Research Project AutoDevSafeOps
Research Project AutoDevSafeOps
Mobility is being reshaped through the automation and networking of vehicles, bringing new services through digitalization. But this also raises new challenges. The quantity of data being generated and analyzed within the vehicle is snowballing, demanding the deployment of high-performance computing (HPC). As a result, new approaches are needed for the microelectronic systems used to create HPC platforms, along with suitable computing and software architectures. And, unlike traditional HPC applications, the automotive environment demands the highest reliability and security coupled with real-time capability.
Autonomous driving (AD) features continue to be developed and deployed. Many of these will improve upon the implementations deployed in vehicles already on the road. As a result, software in the field will need to be replaced with newer versions that deliver improved capability using existing hardware and sensor technology. The requirements related to such improvements will not be known at the time of an automotive platform’s definition and definitely cannot be planned for in any meaningful way. Thus, there is a need to improve the control, resilience, and reliability of automotive systems so that even critical functions can be upgraded, replaced, or even merged over the vehicle’s lifetime. All these aspects require that new methods and tools be developed to support this new approach to software development.
The AutoDevSafeOps project brings together industry and academia to determine the status quo and clarify the automotive industry’s needs as this approach to automotive development progresses.
The project is part of the MANNHEIM initiative of the BMBF (https://www.elektronikforschung.de/foerderung/bekanntmachungen/mannheim). It constitutes a range of research projects tackling issues covering the orchestration of on-board and off-board functionalities and how best to combine innovative microelectronics that are robust, energy-efficient, and, to the extent necessary, AI-capable.
The joint research projects are intended to create the conditions for significantly strengthening the innovation potential of the German automotive industry in the field of digitalization and, in particular, autonomous driving and for expanding technological sovereignty in international competition. Future E/E architectures will be examined along with intelligent sensors and actuators, computing cores, and other aspects in the context of hardware-software co-design. The goal is to determine how best to implement technology capable of handling large amounts of data while offering the highest functional security, availability, and reliability for cross-domain and service-oriented architectures.
A key aspect for INCHRON is the analysis of methods and tools for software development in what is rapidly becoming a “system of systems.” New methods require exploration that can coordinate complex meta-systems of heterogenous software components at system runtime. This will demand improved coordination of integration of sub-systems and software components, along with an integrative value chain for hardware and software for next-generation vehicle architectures. Topics for research range from design, validation, maintenance, and use to variant and version management. Other aspects will need to review challenges such as complexity and compatibility management, re-engineering, sustainable software engineering, agility (DevOps), and quality management for fast update and upgrade cycles. One especially challenging task is determining how to handle software modules deployed in heterogenous systems that mix deterministic and non-deterministic systems with traditional rule-based and machine-learning components.

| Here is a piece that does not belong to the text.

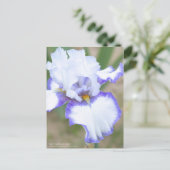 Iris "Carolina Gold":Postkarte Postkarte (Stehend Vorderseite)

Timing will, of course, be a core focus for INCHRON. Correct timing must be ensured throughout, both at development time when used in development mode and later after deployment in the field, in operational mode. Therefore, INCHRON will focus on both our simulator chronSIM and chronVIEW for trace data analysis. Both tools provide comprehensive support for the required continuous development process, enriched by the extensions and new evaluations developed in the context of the AutoDevSafeOps project.
We thank the BMBF for the funding for the next 3 years, which enables us to collaborate with many renowned and notable partners from science and industry.